Employee awarded $1.59 million in wrongful termination case

A national oil and gas company was ordered to pay over $1.5 million in compensation after it was ruled that its Board of Directors had wrongfully terminated an executive’s contract.

Central Petroleum was forced to compensate a former employee after being found to have failed to comply with the employment agreement.

The row began between Central Petroleum and the employee, Heugh, after Heugh’s duty of negotiating farmout agreements was assigned to another employee, Shortt. 
Shortly after, Heugh sent Shortt two letters questioning Shortt’s professional capabilities and pressuring Shortt to reject the Central Petroleum Board’s proposal that he take on the additional responsibilities.

Consequently, the Board wrote to Heugh to notify him that his attempts to intervene with their decision placed unacceptable pressure on his colleague, and thus he had breached both his employment contract and Central Petroleum’s Code of Conduct.

The Board offered Heugh the opportunity to rectify his breaches within 14 days, providing Heugh with instructions as to how he should do so. Heugh complied with Central Petroleum’s requests; however, he failed to comply with their proposed form of apology to Shortt.

A month later the Board sought Heugh’s voluntary resignation, which he refused to provide, leading Central Petroleum to terminate his employment on the grounds that he had failed to remedy his breach. Heugh’s contract stated that if it was a reasonable response to misconduct, the company could terminate his employment.

In the trial, the Board claimed that Heugh’s failure to accept their suggested method of apology to Shortt was a sufficient reason to terminate his employment. Heugh claimed that he had in fact remedied the breaches which were alleged to be the reasons for his termination.

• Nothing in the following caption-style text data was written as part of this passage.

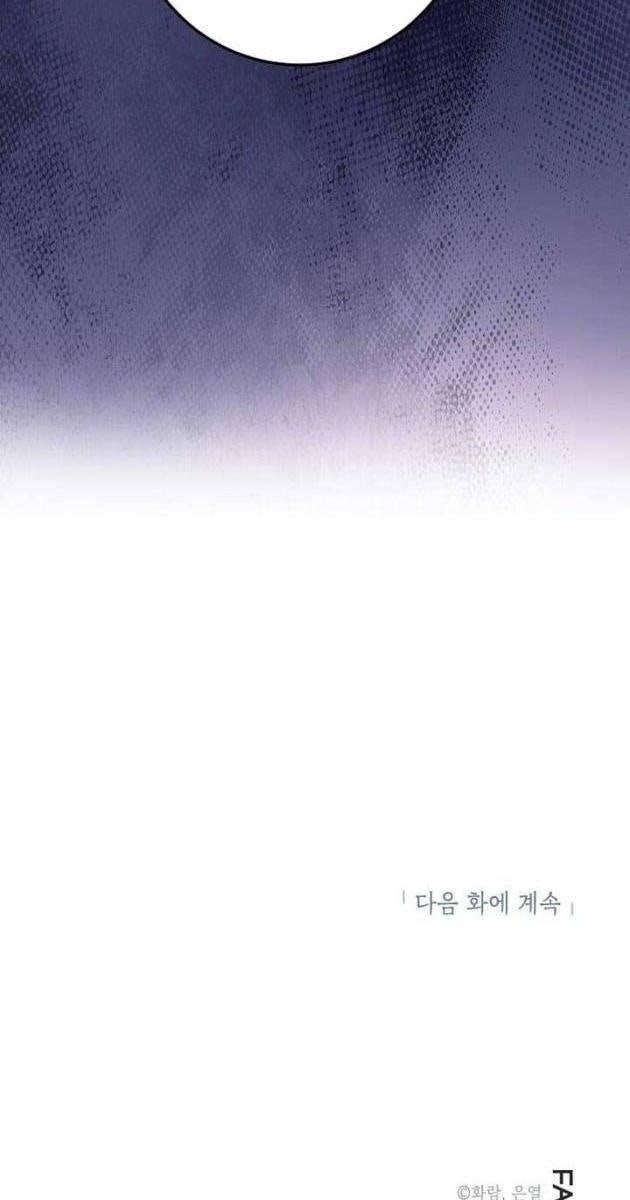 Võ Đang Kỳ Hiệp - Page 144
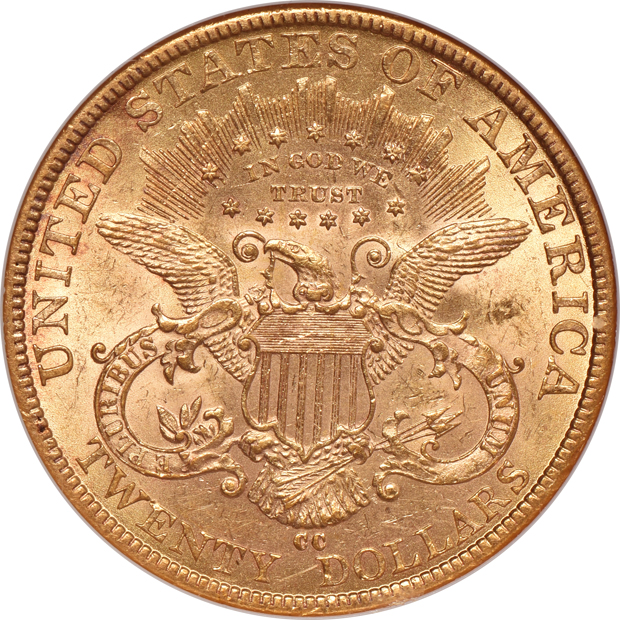 1884-CC NGC AU-58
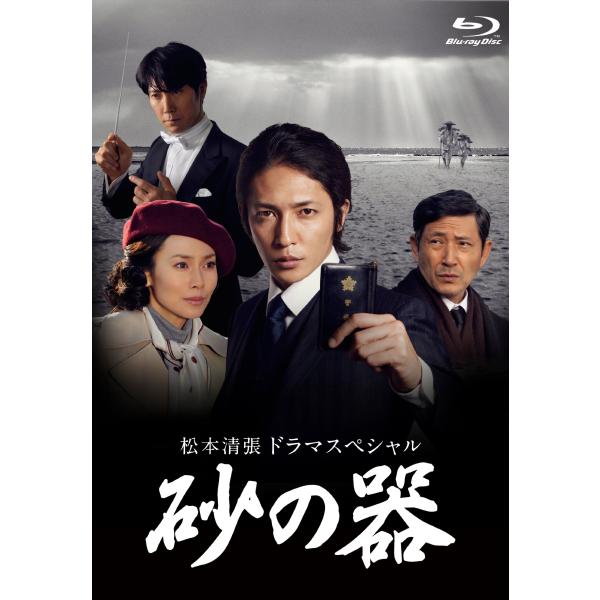 松本清張ドラマスペシャル 砂の器 Blu-ray :20220210165219-01409:KIND RETAIL - 通販 - Yahoo!ショッピング 松本清張ドラマスペシャル 砂の器 Blu-ray :20220210165219-01409:KIND RETAIL - 通販 - Yahoo!ショッピング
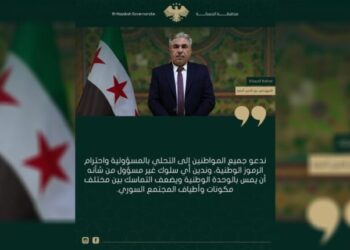 Parêzgarê Hesekê: Bi ruhê berpirsyariyê tev bigerin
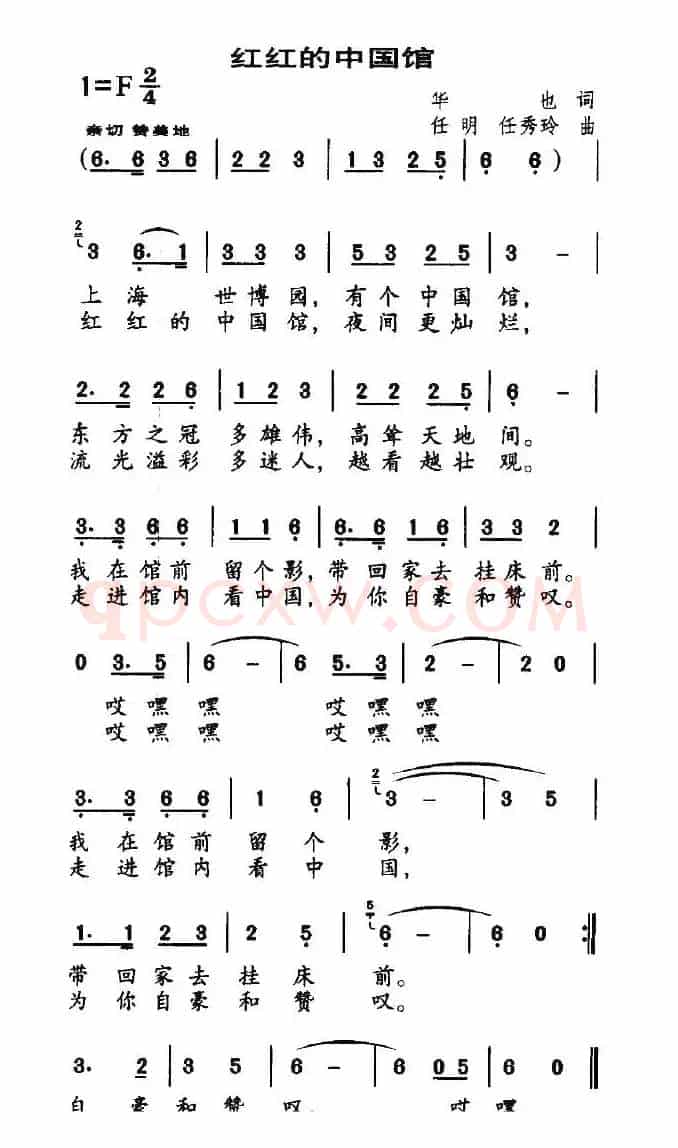 红红的中国馆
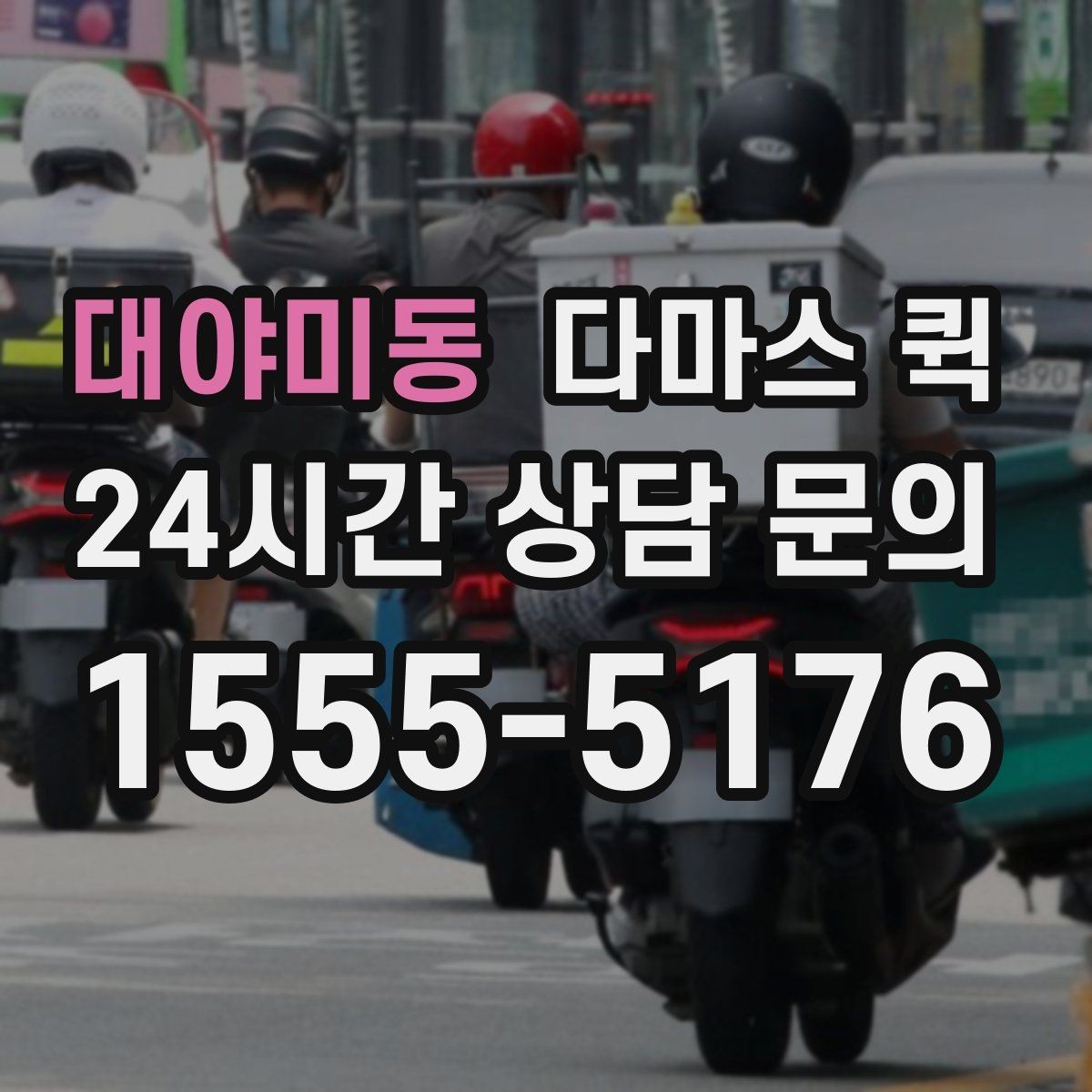 대야미동 다마스 퀵 기사 배정 전 확인해야 할 조건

Justice Le Miere ruled that Heugh had complied with the demand that he should rectify his misconduct. The judge also ruled that the apology suggested by the Board was ‘grovelling’, stating that it was unreasonable to expect Heugh to demean himself.

The judge found Central to have unfairly dismissed Heugh, granting him $1.59m in compensation from Central Petroleum.

“This is a good example as to why employers should take care when drafting their senior executive contracts and ensure that when they terminate – they do so strictly in accordance with the termination provisions of the contract,” said Athena Koelmeyer, managing director of Workplace Law. “Sometimes employers fall into the habit of rolling out the same old contract they have had sitting around for every new employee without considering whether the form is out of date, whether it contains essential terms for the employment relationship or whether it actually says what they need it to say about the role.” 

The consequences of the case emphasise the importance of precision in executive contracts. Employers should be vigilant in contractual wording; contractual definitions of ‘gross’ or ‘serious’ misconduct may vary from common law definitions.

“If employers do find that they have a contract like Heugh’s that possibly doesn’t give them the wide range of termination options they are looking for, it would be appropriate to obtain some legal advice about how to best terminate the contract based on the clauses you have,” Koelmeyer told HC. “As the Court pointed out in this case, there were options there for the Company, but they simply didn’t pursue them correctly.”